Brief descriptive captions
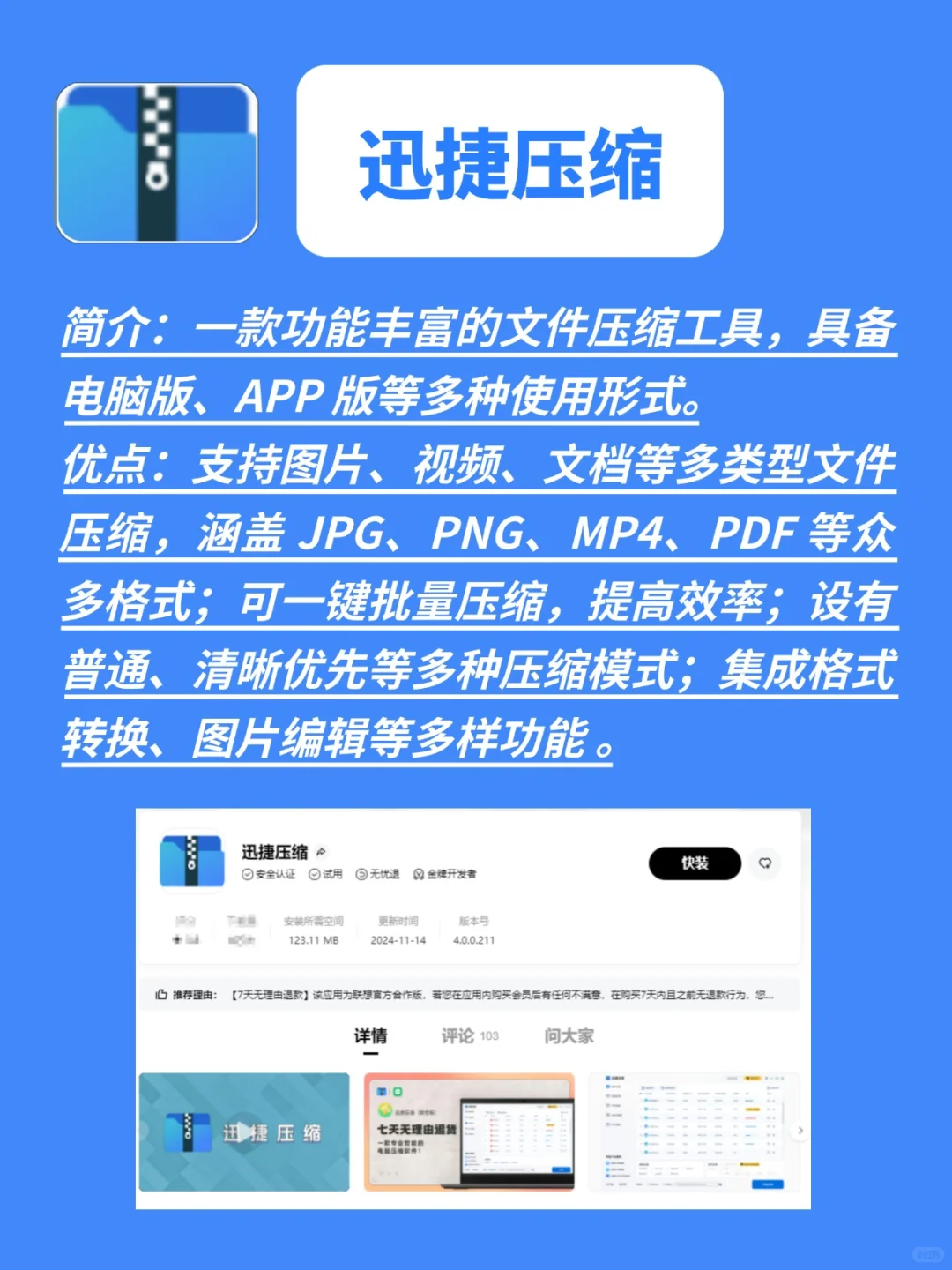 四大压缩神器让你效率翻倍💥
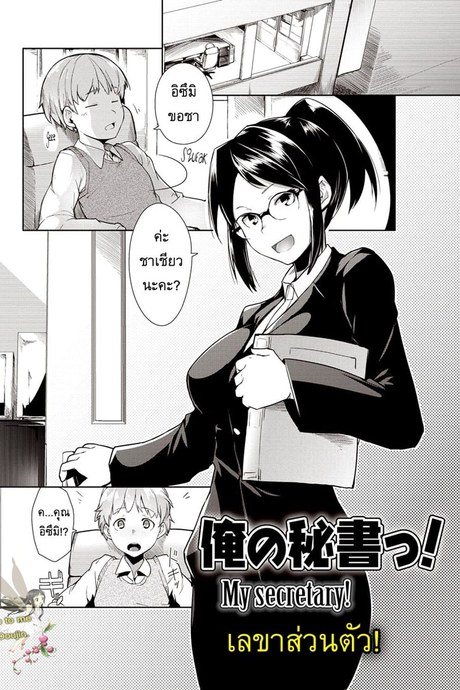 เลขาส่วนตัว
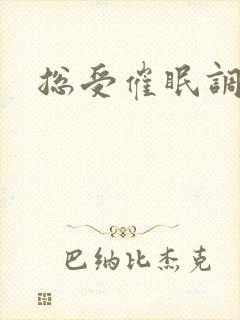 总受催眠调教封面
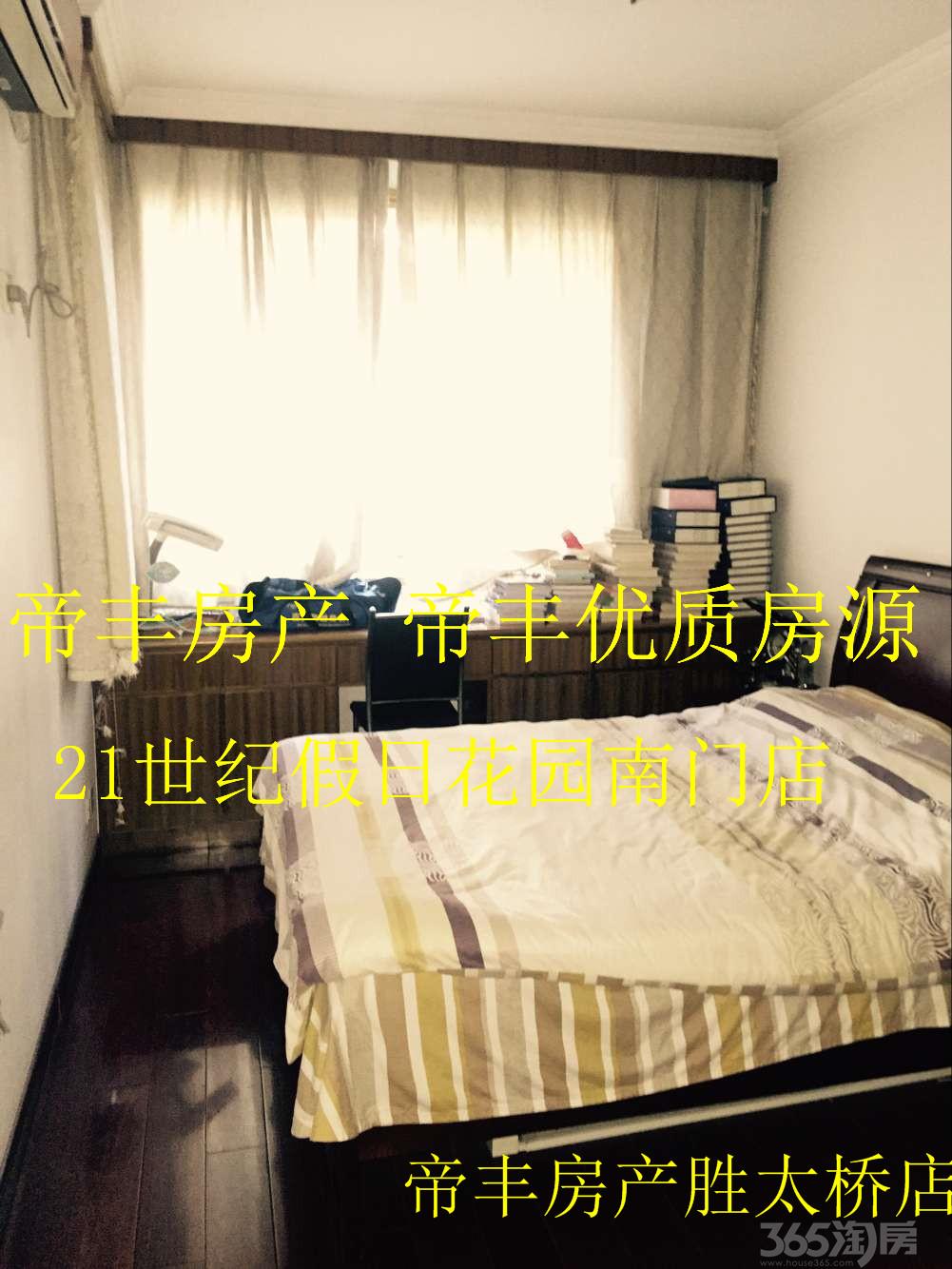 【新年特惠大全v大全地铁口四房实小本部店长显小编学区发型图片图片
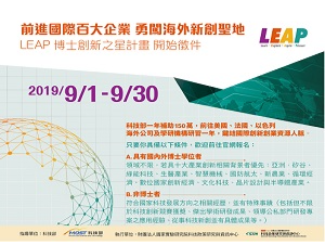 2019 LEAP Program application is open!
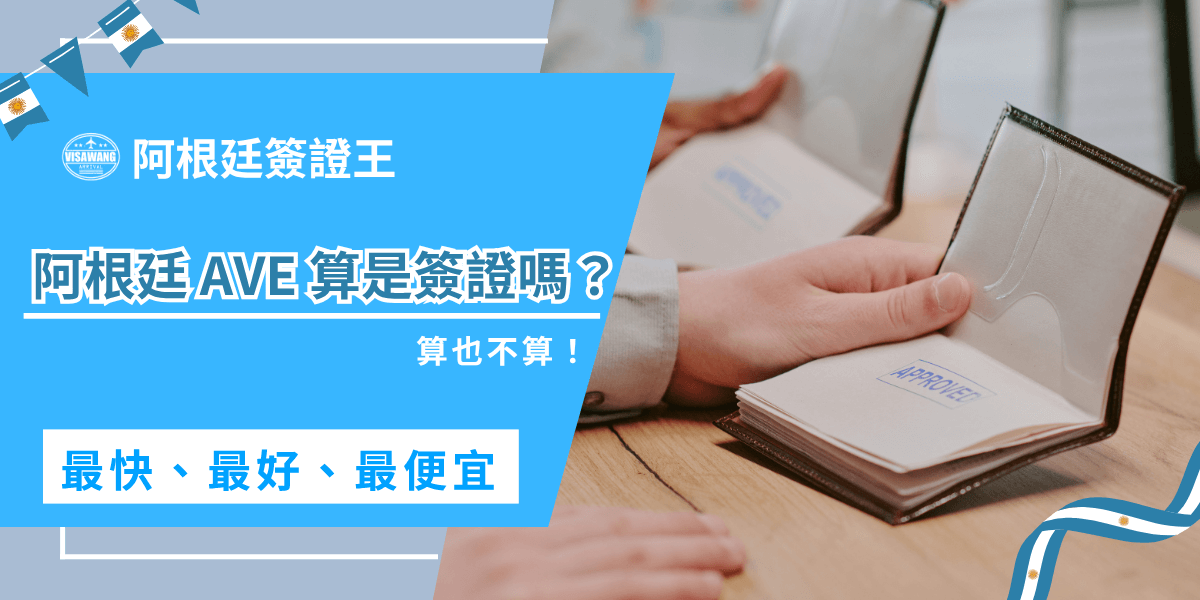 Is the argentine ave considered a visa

WHAT TO PRODUCE —
Once the pictures are dropped, repeat the data above exactly.

RESULT FOR THIS TASK —
 四大压缩神器让你效率翻倍💥
 เลขาส่วนตัว
 总受催眠调教封面
 【新年特惠大全v大全地铁口四房实小本部店长显小编学区发型图片图片
 2019 LEAP Program application is open!
 Is the argentine ave considered a visa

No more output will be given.